You will do well to send privately for the Empress Josephine’s comptroller and make him aware that nothing will be paid over to him, unless proof is furnished that there are no debts; and, as I will have no shilly-shallying on the subject, this must be guaranteed on the comptroller’s own property. You will therefore notify the comptroller, that from the 1st of January next, no payment will be made, either in your office, or by the Crown Treasury, until he has given an undertaking that no debts exist, and made his own property responsible for the fact. I have information that the expenditure in that household is exceedingly careless. You will, therefore, see the comptroller, and put yourself in possession of all facts regarding money matters; for it is absurd that instead of saving two millions of money, as the Empress should have done, she should have more debts to be paid. It will be easy for you to find out the truth about this from the comptroller, and to make him understand that he himself might be seriously compromised.

Take an opportunity of seeing the Empress Josephine yourself, and give her to understand that I trust her household will be managed with more economy, and that if any debts are left outstanding, she will incur my sovereign displeasure. The Empress Louise has only 100 000 crowns; she pays everything every week; she does without gowns, and denies herself, so as never to owe money.

My intention is, then, that from the 1st of January, no payment shall be made for the Empress Josephine’s household without a certificate from the comptroller, to the effect that she has no debts. Look into her budget for 1811, and that prepared for 1812. It should not amount to more than a million. If too many horses are kept, some of them must be put down. The Empress Josephine, who has children and grandchildren, ought to economise, and so be of some use to them, instead of running into debt.

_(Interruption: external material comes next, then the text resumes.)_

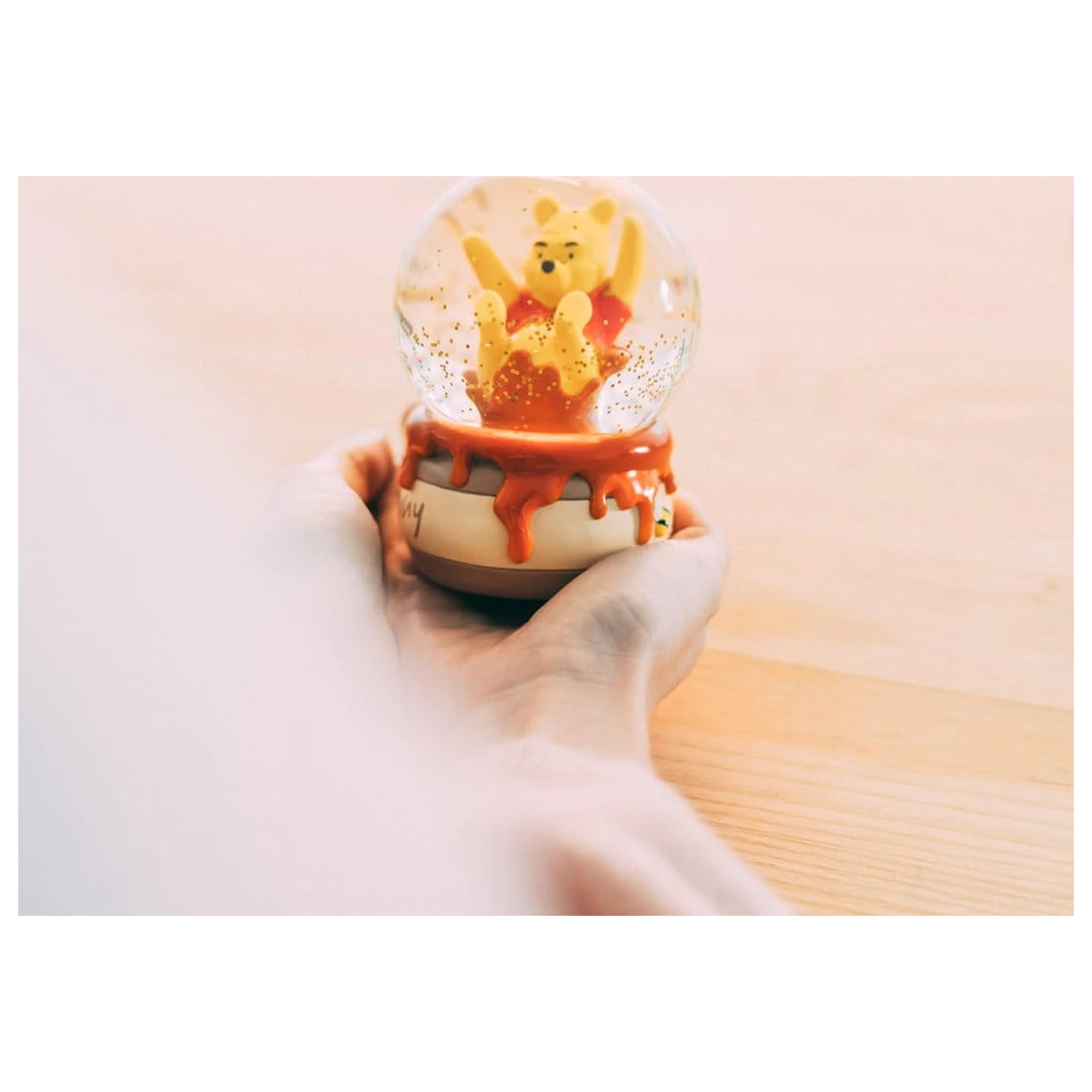 Disney Winnie the Pooh Glob de zapada 10 cm poza produsului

I desire you will not make any more payments to Queen Hortense, either on account of her appanage, or for wood-felling, without asking my permission. Confer with her comptroller too, so that her household may be properly managed, and that she may not only keep out of debt, but regulate her expenditure in a fitting manner.

CHAPTER X
EFFECT ON JOSEPHINE OF DISASTERS IN RUSSIA—ANXIETY DURING CAMPAIGN OF 1813—FLIGHT FROM PARIS—DEATH IN 1814

By the spring of 1812 Josephine had adjusted herself admirably to her new life. She had conquered her suspicions, acquired self-control, taken up useful duties. Her position was recognized by all France. In every quarter she was loved and honored. Never indeed in all her disordered, changeful existence was she so worthy of respect and affection. With every week her power of self-control, her capacity for happiness seemed to grow. In the spring she spent some time with Hortense at the chateau of Saint Leu, the latter’s country home. After she returned to Malmaison, she wrote back a letter which shows to what a large degree she had regained contentment. “The few days I spent with you,” she wrote Hortense, “were very happy, and did me great good. Everybody who comes to see me says that I never looked better, and I am not surprised at it. My health always depends on my experiences, and those with you were sweet and happy.”

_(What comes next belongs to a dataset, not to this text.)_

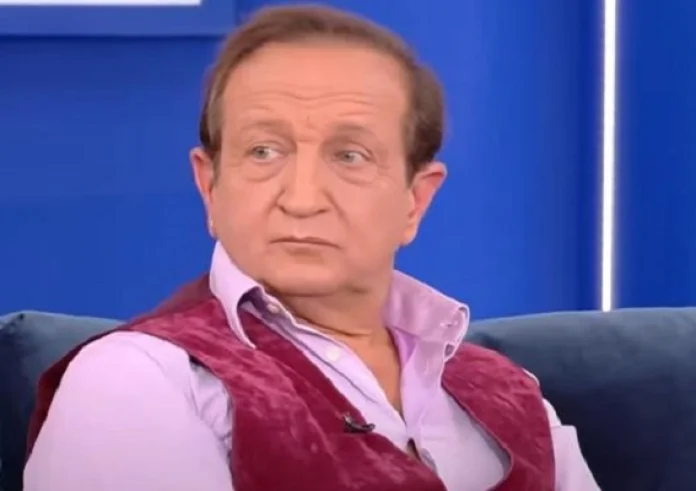 O Σπύρος Μπιμπίλας εκνευρίστηκε πολύ με τους δημοσιογράφους: Αυτό που κάνετε είναι γελοίο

In June, the campaign against Russia, for which Napoleon had been preparing for several months, began; but there is no indication that Josephine had any anxiety in seeing the Grand Army set out. Had she not seen the Emperor return from Italy, from Austerlitz, Jena, and Wagram? In July she went to Milan, to remain with the Princess Augusta, Eugène’s wife, through her confinement. She seemed to get great pleasure from her visit. The princess she found charming, the children could not be better, everybody treated her with a consideration and an affection which touched her deeply. She seems to have been happy at Milan for the most natural, wholesome reasons—because her son’s wife is a good woman and loves her husband; because the new granddaughter is a healthy child; because the good people of Milan remember her, and love her.

Josephine took great satisfaction at this time, too, in Eugène’s success. He was, in fact, justifying fully in Russia the good opinion the Emperor had always had of him, and his letters to his mother were almost exultant. “The Emperor gained a great victory over the Russians to-day,” he wrote her on September 8th. “We fought for thirteen hours, and I commanded the left. We all did our duty, and I hope the Emperor is satisfied.” And again, “I write you only two words, my good mother, to tell you that I am well. My corps had a brilliant day yesterday. I had to deal with eight divisions of the enemy from morning until night, and I kept my position. The Emperor is pleased, and you can believe that I am.”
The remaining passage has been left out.